▶ _Exercise aim_
Take the line that contains "Nitish Kumar Offers" and each line after it to the end of the material below, and return them exactly, minus the pictures.

(Beginning of Dataset extract)

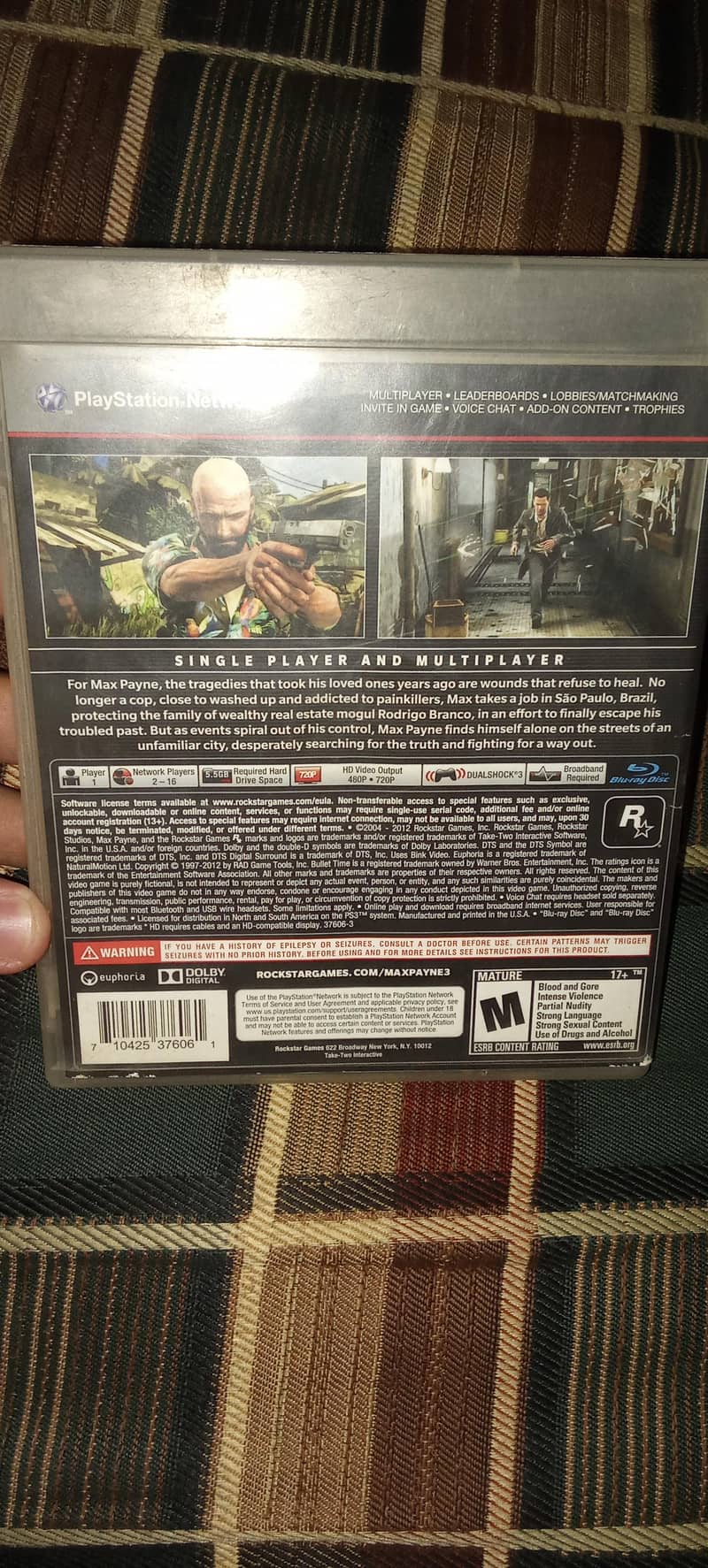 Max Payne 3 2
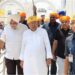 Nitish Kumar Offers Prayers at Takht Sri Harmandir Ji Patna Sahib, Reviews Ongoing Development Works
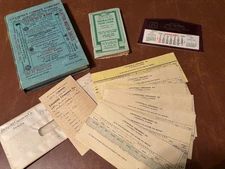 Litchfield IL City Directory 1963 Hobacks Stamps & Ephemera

(End of Dataset extract)

▶ _Result of this exercise_
 Nitish Kumar Offers Prayers at Takht Sri Harmandir Ji Patna Sahib, Reviews Ongoing Development Works
 Litchfield IL City Directory 1963 Hobacks Stamps & Ephemera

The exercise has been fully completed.